• Problem:
In the records below, find the line with "epaselect epa08505104 People" and repeat exactly every line from it through the line with "hermosa colegiala africana". Pictures stay out.

• Supplied information:
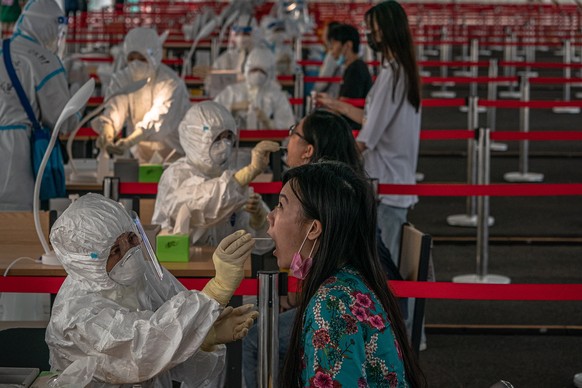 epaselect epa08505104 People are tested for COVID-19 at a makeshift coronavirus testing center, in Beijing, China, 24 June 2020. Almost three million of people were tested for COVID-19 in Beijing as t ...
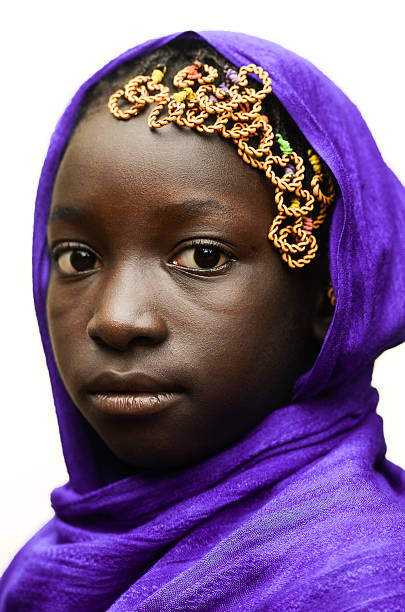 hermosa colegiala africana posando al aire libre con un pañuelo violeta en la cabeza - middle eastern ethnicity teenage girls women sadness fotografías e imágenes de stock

...

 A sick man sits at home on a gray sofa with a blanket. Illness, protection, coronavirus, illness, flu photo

==

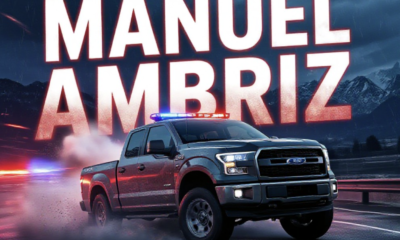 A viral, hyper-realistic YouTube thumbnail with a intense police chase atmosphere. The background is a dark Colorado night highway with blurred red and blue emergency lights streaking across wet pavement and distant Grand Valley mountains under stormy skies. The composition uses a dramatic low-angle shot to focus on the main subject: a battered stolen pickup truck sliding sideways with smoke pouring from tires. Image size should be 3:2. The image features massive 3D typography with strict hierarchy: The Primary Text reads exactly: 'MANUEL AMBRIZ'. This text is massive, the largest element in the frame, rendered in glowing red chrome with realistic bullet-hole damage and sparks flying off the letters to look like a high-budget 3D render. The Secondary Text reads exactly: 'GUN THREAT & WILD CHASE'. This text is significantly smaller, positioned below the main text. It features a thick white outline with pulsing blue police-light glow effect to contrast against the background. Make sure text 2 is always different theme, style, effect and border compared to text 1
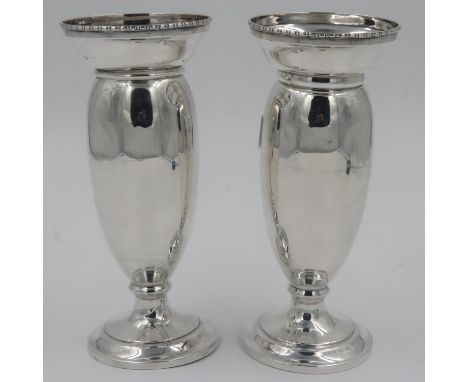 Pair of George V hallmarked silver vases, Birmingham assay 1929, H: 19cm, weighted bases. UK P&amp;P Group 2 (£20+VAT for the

• Finished exercise:
 epaselect epa08505104 People are tested for COVID-19 at a makeshift coronavirus testing center, in Beijing, China, 24 June 2020. Almost three million of people were tested for COVID-19 in Beijing as t ...
 hermosa colegiala africana posando al aire libre con un pañuelo violeta en la cabeza - middle eastern ethnicity teenage girls women sadness fotografías e imágenes de stock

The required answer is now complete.